▶ [Task directions]:
Exclude the pictures and transcribe the rest of the data below exactly.

Exercise data START

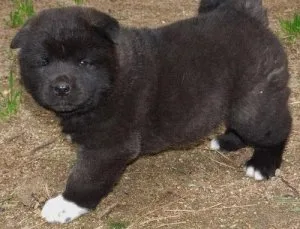 Adorable Akita puppies  for sale
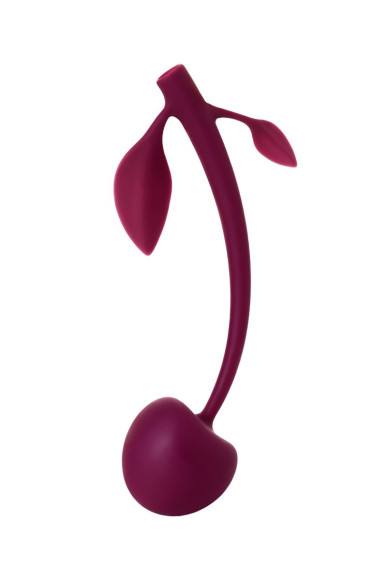 Бордовая вагинальная вишенка WILD CHERRY - 14,5 см. Бордовая вагинальная вишенка WILD CHERRY - 14,5 см.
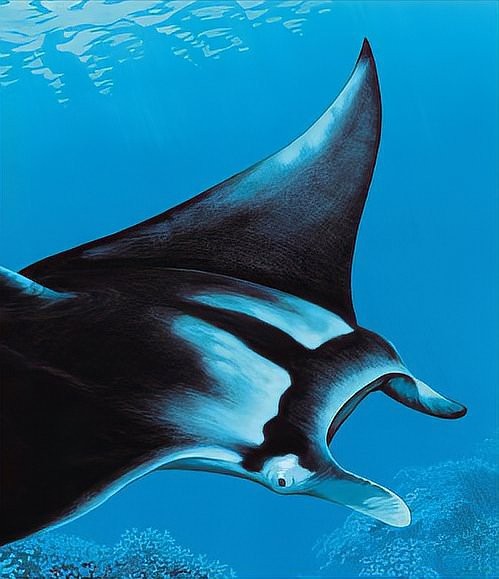 蝠鲼 鰩魚 魟魚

Exercise data END

▶ [Response to this exercise]:
 Adorable Akita puppies  for sale
 Бордовая вагинальная вишенка WILD CHERRY - 14,5 см. Бордовая вагинальная вишенка WILD CHERRY - 14,5 см.
 蝠鲼 鰩魚 魟魚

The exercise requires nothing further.